Dlaczego nazywasz to nachyleniem optymalnym ?
Dopiero miesiąc (może dwa) temu odkryłem po co to w ogóle jest więc może
czegoś ważnego nie wiem.
Na stan mojej wiedzy na tę chwilę nazwałbym to granicznym (minimalnym)
nachyleniem przy danym Uwe.
Nachylenie 1/2 nachylenia podglądu prądu jest >= nachyleniu minimalnemu dla
każdego Uwe.
Zastosowanie tego nazywasz przekompensowaniem.
Czemu zapewnienie zawsze nachylenia ciut większego od tej 1/2 jest złe?
P.G.
Piotr Wyderski
Guest
Thu Jun 26, 2014 5:29 pm
Piotr Gałka wrote:
Quote:
Dlaczego nazywasz to nachyleniem optymalnym ?
Bo dowolne mniejsze nie wystarcza, a dowolne większe niepotrzebnie
zaburza funkcjonowanie pętli sprzężenia zwrotnego, wprowadzając
odchyłkę większą niż wystarczająca do wygaszenia owych "sub-cycle
oscillations". Nie wiem, czy tak się to nazywa w literaturze, ale
jest to wartość dokładnie taka, jaką potrzeba do wyprowadzenia
regulatora z obszaru niestabilności i w teorii można ją sobie
dokładnie policzyć -- chyba więc słowo "optymalne" jest na miejscu.
Inaczej: dlaczego zamiast bawić się w dodawanie rampy nie przylutować
na sztywno wejścia komparatora prądu do VCC? ;-)
Pozdrawiam, Piotr
Piotr GaĹka
Guest
Thu Jun 26, 2014 5:59 pm
Użytkownik "Piotr Wyderski" <peter.pan@neverland.mil> napisał w wiadomości
news:lohlah$i4j$1@node1.news.atman.pl...
Quote:
Piotr Gałka wrote:
Dlaczego nazywasz to nachyleniem optymalnym ?
Bo dowolne mniejsze nie wystarcza, a dowolne większe niepotrzebnie
zaburza funkcjonowanie pętli sprzężenia zwrotnego, wprowadzając
odchyłkę większą niż wystarczająca do wygaszenia owych "sub-cycle
oscillations".
Nie rozumiem twojego toku.
Optymalna rampa spowoduje, że przypadkowa odchyłka (przyjmijmy 1) będzie z
cyklu na cykl wynosiła +1,-1,+1,-1,+1...itd.
Rampa większa (może 2 razy) spowoduje, że ta odchyłka wyniesie +1, -0.5,
+0.25 itd.
Dla mnie to drugie jest optymalniejsze.
Nie rozumiem jaką odchyłkę wprowadza według Ciebie rampa.
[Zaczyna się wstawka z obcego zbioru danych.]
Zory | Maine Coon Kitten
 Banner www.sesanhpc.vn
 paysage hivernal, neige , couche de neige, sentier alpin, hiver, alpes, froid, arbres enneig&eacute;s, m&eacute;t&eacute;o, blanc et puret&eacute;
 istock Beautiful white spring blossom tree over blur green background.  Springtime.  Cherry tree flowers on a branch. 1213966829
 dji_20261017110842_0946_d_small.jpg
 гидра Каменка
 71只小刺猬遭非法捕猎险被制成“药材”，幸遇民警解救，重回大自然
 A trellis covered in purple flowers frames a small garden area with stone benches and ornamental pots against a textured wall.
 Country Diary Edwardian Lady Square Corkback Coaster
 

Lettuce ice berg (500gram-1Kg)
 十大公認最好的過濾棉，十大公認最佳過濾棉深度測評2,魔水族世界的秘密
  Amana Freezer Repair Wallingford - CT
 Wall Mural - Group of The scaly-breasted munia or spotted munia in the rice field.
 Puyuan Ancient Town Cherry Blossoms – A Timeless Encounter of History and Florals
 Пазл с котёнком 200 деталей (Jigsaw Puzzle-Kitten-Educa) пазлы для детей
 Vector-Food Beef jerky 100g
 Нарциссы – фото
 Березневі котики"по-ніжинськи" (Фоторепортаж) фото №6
Odchyłkę od czego.
Przecież stały poziom porównania (jakby nie było rampy) jest wynikiem
działania sprzężenia zwrotnego napięciowego. Jak jest rampa (stała,
niezależna od niczego) to układ sprzężenia napięciowego ustawi poziom
porównania tak, że będzie on uwzględniał rempę.
Faktycznie - zmiana Uwe spowoduje trafianie w inny punkt rampy co będzie
wymagało skorygowania. Ale jakby rampy nie było to zmiana Uwe też wymaga
skorygowania, bo przy takim samym Iobc i innym wypełnieniu (bo inne Uwe)
zmieni się maks prądu.
Quote:
Nie wiem, czy tak się to nazywa w literaturze, ale
jest to wartość dokładnie taka, jaką potrzeba do wyprowadzenia
regulatora z obszaru niestabilności i w teorii można ją sobie
dokładnie policzyć -- chyba więc słowo "optymalne" jest na miejscu.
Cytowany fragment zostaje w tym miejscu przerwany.